**Source information**:
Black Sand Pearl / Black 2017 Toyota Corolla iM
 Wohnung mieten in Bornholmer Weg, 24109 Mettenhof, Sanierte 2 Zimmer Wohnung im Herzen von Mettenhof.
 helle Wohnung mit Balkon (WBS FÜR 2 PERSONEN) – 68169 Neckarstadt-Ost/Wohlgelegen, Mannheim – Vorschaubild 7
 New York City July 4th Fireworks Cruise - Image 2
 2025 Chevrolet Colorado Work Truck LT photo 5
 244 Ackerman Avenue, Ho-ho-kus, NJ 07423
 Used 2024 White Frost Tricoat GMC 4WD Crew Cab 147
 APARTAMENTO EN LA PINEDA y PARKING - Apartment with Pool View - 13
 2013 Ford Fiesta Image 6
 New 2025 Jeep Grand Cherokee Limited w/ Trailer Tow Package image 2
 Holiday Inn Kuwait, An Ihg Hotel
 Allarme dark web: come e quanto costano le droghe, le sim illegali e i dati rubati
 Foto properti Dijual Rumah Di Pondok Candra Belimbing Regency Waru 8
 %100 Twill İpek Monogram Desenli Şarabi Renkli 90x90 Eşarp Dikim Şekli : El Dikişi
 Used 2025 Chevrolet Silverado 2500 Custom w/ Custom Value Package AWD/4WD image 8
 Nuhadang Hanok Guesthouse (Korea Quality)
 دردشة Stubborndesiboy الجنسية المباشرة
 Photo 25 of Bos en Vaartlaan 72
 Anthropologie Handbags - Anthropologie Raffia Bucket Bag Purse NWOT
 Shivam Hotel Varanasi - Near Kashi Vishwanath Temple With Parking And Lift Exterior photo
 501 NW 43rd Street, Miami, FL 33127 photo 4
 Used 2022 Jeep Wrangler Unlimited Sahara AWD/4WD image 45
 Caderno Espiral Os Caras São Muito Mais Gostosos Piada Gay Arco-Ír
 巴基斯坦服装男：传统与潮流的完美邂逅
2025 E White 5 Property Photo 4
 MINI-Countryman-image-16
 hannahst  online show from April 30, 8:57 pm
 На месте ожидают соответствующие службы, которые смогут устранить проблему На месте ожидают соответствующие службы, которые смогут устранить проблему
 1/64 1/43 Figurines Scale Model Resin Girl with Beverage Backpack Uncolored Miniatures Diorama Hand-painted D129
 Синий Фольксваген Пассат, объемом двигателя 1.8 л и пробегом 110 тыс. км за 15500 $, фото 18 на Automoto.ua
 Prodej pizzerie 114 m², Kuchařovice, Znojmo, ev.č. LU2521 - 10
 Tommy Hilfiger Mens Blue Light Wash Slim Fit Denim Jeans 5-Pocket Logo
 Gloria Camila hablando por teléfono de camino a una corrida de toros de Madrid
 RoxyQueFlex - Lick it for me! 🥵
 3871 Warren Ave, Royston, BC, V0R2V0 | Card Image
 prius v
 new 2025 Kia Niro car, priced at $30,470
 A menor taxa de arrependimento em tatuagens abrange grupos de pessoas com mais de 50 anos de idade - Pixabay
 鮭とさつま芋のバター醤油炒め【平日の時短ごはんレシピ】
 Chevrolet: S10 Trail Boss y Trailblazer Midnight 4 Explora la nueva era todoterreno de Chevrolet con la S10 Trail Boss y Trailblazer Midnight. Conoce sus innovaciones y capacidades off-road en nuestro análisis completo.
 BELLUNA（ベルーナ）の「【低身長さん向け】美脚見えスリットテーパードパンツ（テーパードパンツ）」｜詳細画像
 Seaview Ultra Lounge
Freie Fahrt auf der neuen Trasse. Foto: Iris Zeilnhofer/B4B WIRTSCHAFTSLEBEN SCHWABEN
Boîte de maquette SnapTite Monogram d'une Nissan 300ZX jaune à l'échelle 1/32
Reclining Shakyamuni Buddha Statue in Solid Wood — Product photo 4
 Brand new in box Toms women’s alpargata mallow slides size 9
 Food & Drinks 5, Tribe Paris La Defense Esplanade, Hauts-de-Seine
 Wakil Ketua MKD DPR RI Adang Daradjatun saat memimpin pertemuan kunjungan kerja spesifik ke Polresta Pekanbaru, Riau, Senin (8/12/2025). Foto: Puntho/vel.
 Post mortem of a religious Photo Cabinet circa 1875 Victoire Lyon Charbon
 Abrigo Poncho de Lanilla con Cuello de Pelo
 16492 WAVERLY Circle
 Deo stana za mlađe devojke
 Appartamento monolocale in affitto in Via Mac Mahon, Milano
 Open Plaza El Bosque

**Task prompt**:
With no additions or omissions, transcribe every record.

**Task output**:
Black Sand Pearl / Black 2017 Toyota Corolla iM
 Wohnung mieten in Bornholmer Weg, 24109 Mettenhof, Sanierte 2 Zimmer Wohnung im Herzen von Mettenhof.
 helle Wohnung mit Balkon (WBS FÜR 2 PERSONEN) – 68169 Neckarstadt-Ost/Wohlgelegen, Mannheim – Vorschaubild 7
 New York City July 4th Fireworks Cruise - Image 2
 2025 Chevrolet Colorado Work Truck LT photo 5
 244 Ackerman Avenue, Ho-ho-kus, NJ 07423
 Used 2024 White Frost Tricoat GMC 4WD Crew Cab 147
 APARTAMENTO EN LA PINEDA y PARKING - Apartment with Pool View - 13
 2013 Ford Fiesta Image 6
 New 2025 Jeep Grand Cherokee Limited w/ Trailer Tow Package image 2
 Holiday Inn Kuwait, An Ihg Hotel
 Allarme dark web: come e quanto costano le droghe, le sim illegali e i dati rubati
 Foto properti Dijual Rumah Di Pondok Candra Belimbing Regency Waru 8
 %100 Twill İpek Monogram Desenli Şarabi Renkli 90x90 Eşarp Dikim Şekli : El Dikişi
 Used 2025 Chevrolet Silverado 2500 Custom w/ Custom Value Package AWD/4WD image 8
 Nuhadang Hanok Guesthouse (Korea Quality)
 دردشة Stubborndesiboy الجنسية المباشرة
 Photo 25 of Bos en Vaartlaan 72
 Anthropologie Handbags - Anthropologie Raffia Bucket Bag Purse NWOT
 Shivam Hotel Varanasi - Near Kashi Vishwanath Temple With Parking And Lift Exterior photo
 501 NW 43rd Street, Miami, FL 33127 photo 4
 Used 2022 Jeep Wrangler Unlimited Sahara AWD/4WD image 45
 Caderno Espiral Os Caras São Muito Mais Gostosos Piada Gay Arco-Ír
 巴基斯坦服装男：传统与潮流的完美邂逅
2025 E White 5 Property Photo 4
 MINI-Countryman-image-16
 hannahst  online show from April 30, 8:57 pm
 На месте ожидают соответствующие службы, которые смогут устранить проблему На месте ожидают соответствующие службы, которые смогут устранить проблему
 1/64 1/43 Figurines Scale Model Resin Girl with Beverage Backpack Uncolored Miniatures Diorama Hand-painted D129
 Синий Фольксваген Пассат, объемом двигателя 1.8 л и пробегом 110 тыс. км за 15500 $, фото 18 на Automoto.ua
 Prodej pizzerie 114 m², Kuchařovice, Znojmo, ev.č. LU2521 - 10
 Tommy Hilfiger Mens Blue Light Wash Slim Fit Denim Jeans 5-Pocket Logo
 Gloria Camila hablando por teléfono de camino a una corrida de toros de Madrid
 RoxyQueFlex - Lick it for me! 🥵
 3871 Warren Ave, Royston, BC, V0R2V0 | Card Image
 prius v
 new 2025 Kia Niro car, priced at $30,470
 A menor taxa de arrependimento em tatuagens abrange grupos de pessoas com mais de 50 anos de idade - Pixabay
 鮭とさつま芋のバター醤油炒め【平日の時短ごはんレシピ】
 Chevrolet: S10 Trail Boss y Trailblazer Midnight 4 Explora la nueva era todoterreno de Chevrolet con la S10 Trail Boss y Trailblazer Midnight. Conoce sus innovaciones y capacidades off-road en nuestro análisis completo.
 BELLUNA（ベルーナ）の「【低身長さん向け】美脚見えスリットテーパードパンツ（テーパードパンツ）」｜詳細画像
 Seaview Ultra Lounge
Freie Fahrt auf der neuen Trasse. Foto: Iris Zeilnhofer/B4B WIRTSCHAFTSLEBEN SCHWABEN
Boîte de maquette SnapTite Monogram d'une Nissan 300ZX jaune à l'échelle 1/32
Reclining Shakyamuni Buddha Statue in Solid Wood — Product photo 4
 Brand new in box Toms women’s alpargata mallow slides size 9
 Food & Drinks 5, Tribe Paris La Defense Esplanade, Hauts-de-Seine
 Wakil Ketua MKD DPR RI Adang Daradjatun saat memimpin pertemuan kunjungan kerja spesifik ke Polresta Pekanbaru, Riau, Senin (8/12/2025). Foto: Puntho/vel.
 Post mortem of a religious Photo Cabinet circa 1875 Victoire Lyon Charbon
 Abrigo Poncho de Lanilla con Cuello de Pelo
 16492 WAVERLY Circle
 Deo stana za mlađe devojke
 Appartamento monolocale in affitto in Via Mac Mahon, Milano
 Open Plaza El Bosque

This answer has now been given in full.